EXERCISE BRIEF: Beginning with the line of the entries below that holds "8 chiots Rottweilers" and ending with the line that holds "Краски осени", transcribe each line exactly as written. Pictures stay out.

DATASET EXCERPTS:
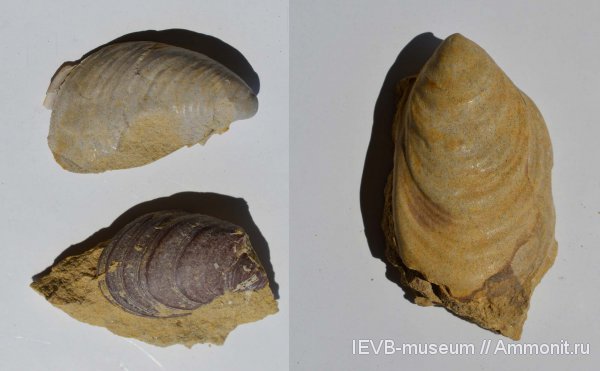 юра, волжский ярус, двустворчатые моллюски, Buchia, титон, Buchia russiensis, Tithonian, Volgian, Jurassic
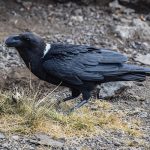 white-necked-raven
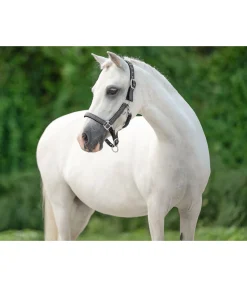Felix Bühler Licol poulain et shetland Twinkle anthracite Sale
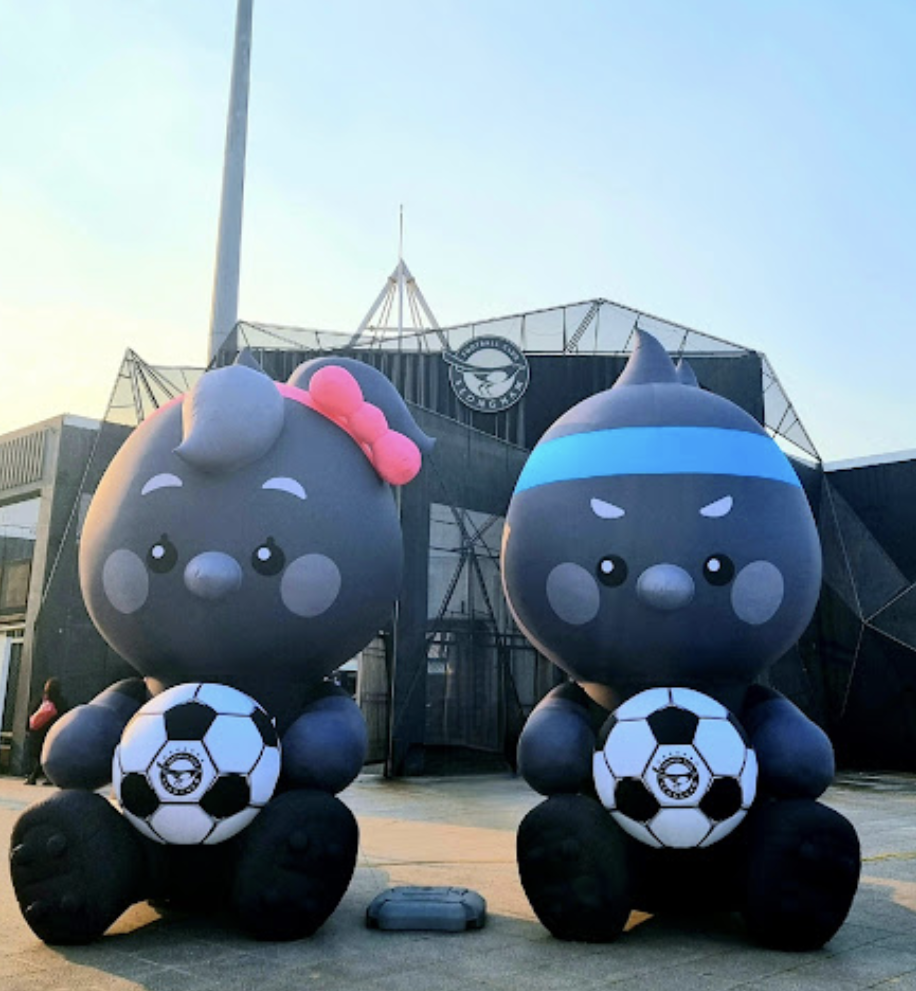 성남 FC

--

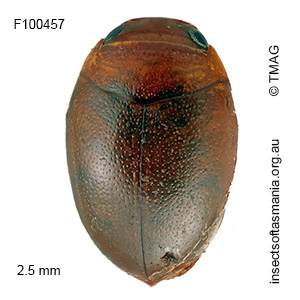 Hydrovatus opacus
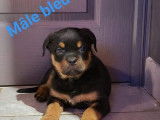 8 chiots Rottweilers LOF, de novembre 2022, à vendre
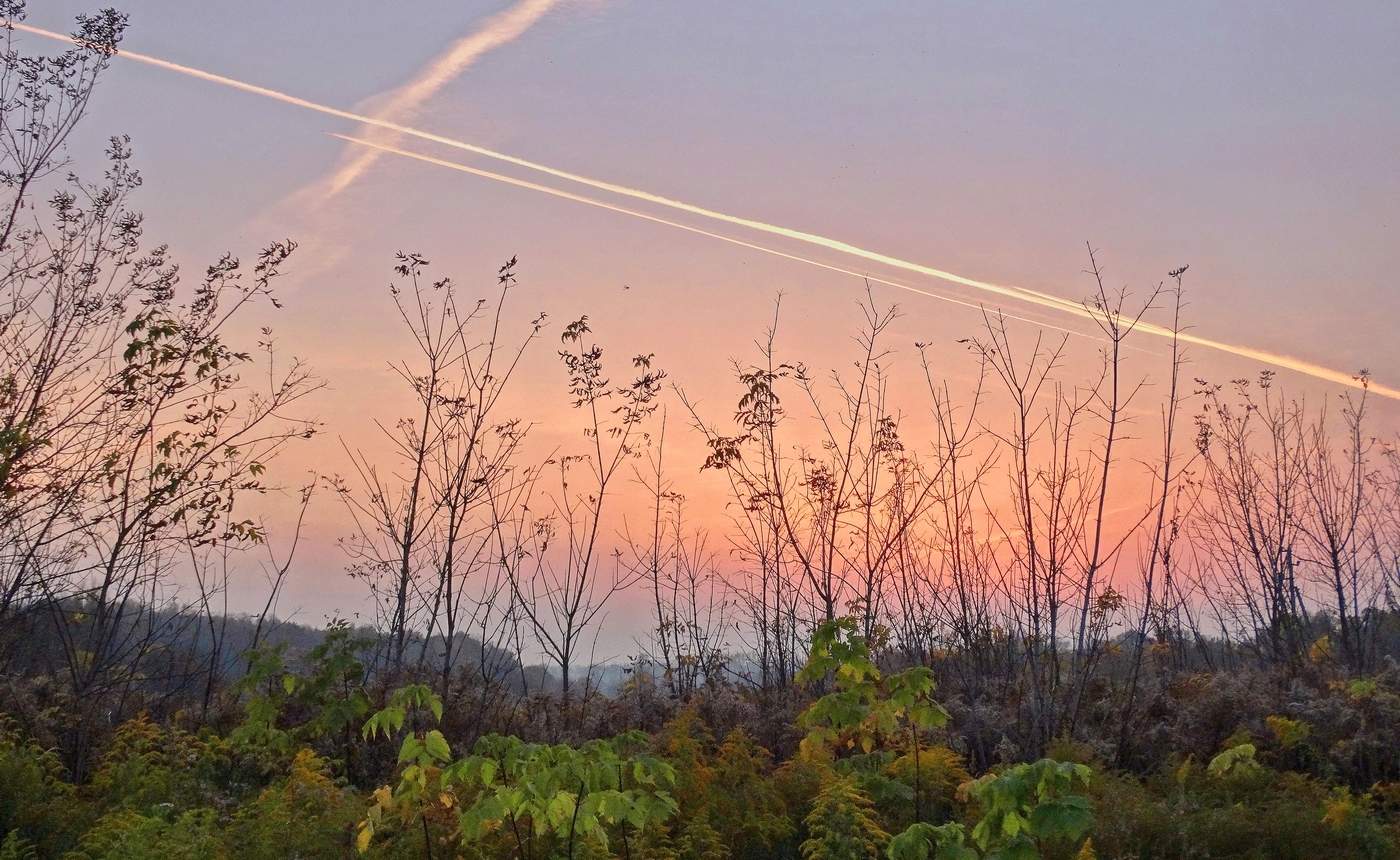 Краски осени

RESULT OF THIS EXERCISE:
 8 chiots Rottweilers LOF, de novembre 2022, à vendre
 Краски осени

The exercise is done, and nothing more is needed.